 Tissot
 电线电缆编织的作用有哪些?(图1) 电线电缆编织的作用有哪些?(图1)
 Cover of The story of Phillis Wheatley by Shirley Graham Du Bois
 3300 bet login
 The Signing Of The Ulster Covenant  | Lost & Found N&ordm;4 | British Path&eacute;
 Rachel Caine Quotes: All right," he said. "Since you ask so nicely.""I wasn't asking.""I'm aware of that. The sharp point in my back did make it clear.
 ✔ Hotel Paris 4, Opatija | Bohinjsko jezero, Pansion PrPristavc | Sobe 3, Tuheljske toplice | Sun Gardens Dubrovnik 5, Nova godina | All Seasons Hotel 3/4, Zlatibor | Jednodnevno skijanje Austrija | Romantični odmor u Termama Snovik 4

(THE TASK): Return the span of lines in the data above that opens at the line with "The Signing Of" and closes at the line with "Rachel Caine Quotes: All", exactly, ends included, nothing else.

(RESPONSE):
 The Signing Of The Ulster Covenant  | Lost & Found N&ordm;4 | British Path&eacute;
 Rachel Caine Quotes: All right," he said. "Since you ask so nicely.""I wasn't asking.""I'm aware of that. The sharp point in my back did make it clear.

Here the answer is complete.